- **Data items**
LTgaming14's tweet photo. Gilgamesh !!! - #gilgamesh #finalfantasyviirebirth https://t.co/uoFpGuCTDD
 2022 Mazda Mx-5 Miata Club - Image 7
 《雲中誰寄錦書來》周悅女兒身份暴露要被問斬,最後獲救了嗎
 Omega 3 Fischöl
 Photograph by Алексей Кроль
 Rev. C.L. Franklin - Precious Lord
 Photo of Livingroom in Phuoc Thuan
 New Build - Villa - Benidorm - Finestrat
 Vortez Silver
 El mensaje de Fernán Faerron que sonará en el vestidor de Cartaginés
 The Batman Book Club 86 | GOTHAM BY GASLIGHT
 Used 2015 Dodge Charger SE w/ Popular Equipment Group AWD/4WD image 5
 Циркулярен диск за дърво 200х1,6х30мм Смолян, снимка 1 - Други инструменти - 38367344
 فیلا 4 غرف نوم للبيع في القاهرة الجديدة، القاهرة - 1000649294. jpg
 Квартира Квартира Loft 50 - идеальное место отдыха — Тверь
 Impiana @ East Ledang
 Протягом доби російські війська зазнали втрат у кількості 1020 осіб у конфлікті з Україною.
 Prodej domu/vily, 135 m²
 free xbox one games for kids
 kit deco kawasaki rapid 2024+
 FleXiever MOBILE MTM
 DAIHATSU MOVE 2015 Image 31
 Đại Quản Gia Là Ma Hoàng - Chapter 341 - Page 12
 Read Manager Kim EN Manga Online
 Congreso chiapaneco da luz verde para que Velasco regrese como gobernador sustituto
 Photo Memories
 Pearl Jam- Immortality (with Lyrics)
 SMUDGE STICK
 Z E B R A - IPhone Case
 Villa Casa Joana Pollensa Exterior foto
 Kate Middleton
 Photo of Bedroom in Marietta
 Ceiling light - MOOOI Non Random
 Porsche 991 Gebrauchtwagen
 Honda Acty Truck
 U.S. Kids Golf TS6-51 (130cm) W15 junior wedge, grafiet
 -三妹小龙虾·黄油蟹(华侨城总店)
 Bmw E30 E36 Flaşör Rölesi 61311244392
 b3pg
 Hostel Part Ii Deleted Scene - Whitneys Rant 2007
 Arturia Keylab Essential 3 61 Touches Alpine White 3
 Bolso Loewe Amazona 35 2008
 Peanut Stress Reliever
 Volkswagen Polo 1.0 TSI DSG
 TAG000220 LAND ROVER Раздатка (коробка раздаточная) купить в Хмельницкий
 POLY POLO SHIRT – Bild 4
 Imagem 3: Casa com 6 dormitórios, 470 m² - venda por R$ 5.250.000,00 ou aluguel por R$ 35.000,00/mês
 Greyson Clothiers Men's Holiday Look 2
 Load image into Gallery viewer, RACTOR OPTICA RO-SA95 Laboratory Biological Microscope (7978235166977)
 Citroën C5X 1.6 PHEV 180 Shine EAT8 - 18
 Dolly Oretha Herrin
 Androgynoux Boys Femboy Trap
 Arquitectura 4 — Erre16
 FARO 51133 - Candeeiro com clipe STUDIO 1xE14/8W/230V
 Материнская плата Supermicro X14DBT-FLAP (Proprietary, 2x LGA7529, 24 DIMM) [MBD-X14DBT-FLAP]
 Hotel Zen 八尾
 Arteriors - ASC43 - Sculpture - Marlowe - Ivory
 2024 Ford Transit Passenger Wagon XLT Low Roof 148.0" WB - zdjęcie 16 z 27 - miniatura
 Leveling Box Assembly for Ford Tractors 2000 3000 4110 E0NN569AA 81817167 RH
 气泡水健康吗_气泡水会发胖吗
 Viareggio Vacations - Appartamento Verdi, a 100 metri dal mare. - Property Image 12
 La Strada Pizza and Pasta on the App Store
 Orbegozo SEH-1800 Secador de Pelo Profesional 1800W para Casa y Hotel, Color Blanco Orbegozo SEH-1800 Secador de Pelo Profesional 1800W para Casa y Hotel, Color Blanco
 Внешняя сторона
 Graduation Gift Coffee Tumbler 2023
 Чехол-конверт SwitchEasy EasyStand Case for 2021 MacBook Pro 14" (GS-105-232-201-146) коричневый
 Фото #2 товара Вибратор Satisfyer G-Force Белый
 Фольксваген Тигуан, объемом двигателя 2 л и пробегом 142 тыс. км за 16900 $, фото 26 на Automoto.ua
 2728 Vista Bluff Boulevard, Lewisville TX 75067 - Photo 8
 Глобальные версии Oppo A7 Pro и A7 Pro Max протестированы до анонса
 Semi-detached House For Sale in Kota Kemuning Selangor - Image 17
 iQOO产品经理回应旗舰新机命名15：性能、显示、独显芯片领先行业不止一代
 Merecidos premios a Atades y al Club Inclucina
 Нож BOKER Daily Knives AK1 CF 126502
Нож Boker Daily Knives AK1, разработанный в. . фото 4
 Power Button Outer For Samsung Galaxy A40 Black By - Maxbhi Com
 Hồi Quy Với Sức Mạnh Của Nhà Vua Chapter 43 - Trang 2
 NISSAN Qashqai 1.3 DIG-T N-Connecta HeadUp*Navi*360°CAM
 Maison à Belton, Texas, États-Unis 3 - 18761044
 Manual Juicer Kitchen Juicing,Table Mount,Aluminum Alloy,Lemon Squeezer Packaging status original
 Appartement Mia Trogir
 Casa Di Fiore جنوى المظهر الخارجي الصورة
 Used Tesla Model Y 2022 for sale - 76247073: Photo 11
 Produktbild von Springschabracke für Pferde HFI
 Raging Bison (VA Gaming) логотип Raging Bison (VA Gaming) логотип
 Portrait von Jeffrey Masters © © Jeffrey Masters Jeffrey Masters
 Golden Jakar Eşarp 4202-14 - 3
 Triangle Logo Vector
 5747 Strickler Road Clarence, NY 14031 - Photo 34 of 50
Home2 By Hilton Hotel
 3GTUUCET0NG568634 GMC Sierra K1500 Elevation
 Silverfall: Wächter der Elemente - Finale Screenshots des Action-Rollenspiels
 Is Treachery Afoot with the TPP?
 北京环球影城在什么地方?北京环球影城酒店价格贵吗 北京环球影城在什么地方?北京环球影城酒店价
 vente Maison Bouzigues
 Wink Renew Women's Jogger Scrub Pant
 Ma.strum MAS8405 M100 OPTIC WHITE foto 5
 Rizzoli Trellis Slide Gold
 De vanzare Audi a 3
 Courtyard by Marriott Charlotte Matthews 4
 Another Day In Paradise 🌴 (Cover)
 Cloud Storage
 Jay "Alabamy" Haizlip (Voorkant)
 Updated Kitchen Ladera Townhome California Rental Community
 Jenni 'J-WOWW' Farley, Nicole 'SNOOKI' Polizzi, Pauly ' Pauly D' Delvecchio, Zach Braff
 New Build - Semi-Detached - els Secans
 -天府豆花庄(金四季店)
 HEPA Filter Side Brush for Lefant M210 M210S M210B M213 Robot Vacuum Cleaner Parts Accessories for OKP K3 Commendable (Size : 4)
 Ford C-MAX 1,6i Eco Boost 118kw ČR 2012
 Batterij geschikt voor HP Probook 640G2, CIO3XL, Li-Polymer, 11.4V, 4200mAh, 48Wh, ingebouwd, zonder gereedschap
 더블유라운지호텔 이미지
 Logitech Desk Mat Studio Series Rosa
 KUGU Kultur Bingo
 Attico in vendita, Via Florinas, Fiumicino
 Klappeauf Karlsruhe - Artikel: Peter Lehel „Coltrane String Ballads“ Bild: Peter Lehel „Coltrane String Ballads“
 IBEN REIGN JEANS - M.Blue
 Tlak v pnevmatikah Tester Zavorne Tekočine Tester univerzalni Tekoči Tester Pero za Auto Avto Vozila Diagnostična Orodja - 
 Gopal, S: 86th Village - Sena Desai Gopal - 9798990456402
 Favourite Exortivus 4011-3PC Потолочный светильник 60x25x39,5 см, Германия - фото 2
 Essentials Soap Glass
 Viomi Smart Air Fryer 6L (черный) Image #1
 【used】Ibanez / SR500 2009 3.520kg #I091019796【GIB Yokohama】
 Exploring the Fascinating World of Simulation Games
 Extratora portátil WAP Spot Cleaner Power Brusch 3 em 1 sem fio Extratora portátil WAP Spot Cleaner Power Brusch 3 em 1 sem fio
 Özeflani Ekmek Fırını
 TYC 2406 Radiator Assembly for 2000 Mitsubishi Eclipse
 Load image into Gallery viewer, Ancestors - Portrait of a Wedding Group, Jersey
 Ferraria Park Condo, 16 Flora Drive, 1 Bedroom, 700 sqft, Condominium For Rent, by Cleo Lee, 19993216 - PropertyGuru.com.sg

- **WORK TO BE COMPLETED**
Within the data above, the span starting at the line containing "Leveling Box Assembly" and ending at the line containing "Raging Bison (VA Gaming) логотип Raging" is to be retyped exactly, with no other lines.

- **EXPECTED OUTPUT**
 Leveling Box Assembly for Ford Tractors 2000 3000 4110 E0NN569AA 81817167 RH
 气泡水健康吗_气泡水会发胖吗
 Viareggio Vacations - Appartamento Verdi, a 100 metri dal mare. - Property Image 12
 La Strada Pizza and Pasta on the App Store
 Orbegozo SEH-1800 Secador de Pelo Profesional 1800W para Casa y Hotel, Color Blanco Orbegozo SEH-1800 Secador de Pelo Profesional 1800W para Casa y Hotel, Color Blanco
 Внешняя сторона
 Graduation Gift Coffee Tumbler 2023
 Чехол-конверт SwitchEasy EasyStand Case for 2021 MacBook Pro 14" (GS-105-232-201-146) коричневый
 Фото #2 товара Вибратор Satisfyer G-Force Белый
 Фольксваген Тигуан, объемом двигателя 2 л и пробегом 142 тыс. км за 16900 $, фото 26 на Automoto.ua
 2728 Vista Bluff Boulevard, Lewisville TX 75067 - Photo 8
 Глобальные версии Oppo A7 Pro и A7 Pro Max протестированы до анонса
 Semi-detached House For Sale in Kota Kemuning Selangor - Image 17
 iQOO产品经理回应旗舰新机命名15：性能、显示、独显芯片领先行业不止一代
 Merecidos premios a Atades y al Club Inclucina
 Нож BOKER Daily Knives AK1 CF 126502
Нож Boker Daily Knives AK1, разработанный в. . фото 4
 Power Button Outer For Samsung Galaxy A40 Black By - Maxbhi Com
 Hồi Quy Với Sức Mạnh Của Nhà Vua Chapter 43 - Trang 2
 NISSAN Qashqai 1.3 DIG-T N-Connecta HeadUp*Navi*360°CAM
 Maison à Belton, Texas, États-Unis 3 - 18761044
 Manual Juicer Kitchen Juicing,Table Mount,Aluminum Alloy,Lemon Squeezer Packaging status original
 Appartement Mia Trogir
 Casa Di Fiore جنوى المظهر الخارجي الصورة
 Used Tesla Model Y 2022 for sale - 76247073: Photo 11
 Produktbild von Springschabracke für Pferde HFI
 Raging Bison (VA Gaming) логотип Raging Bison (VA Gaming) логотип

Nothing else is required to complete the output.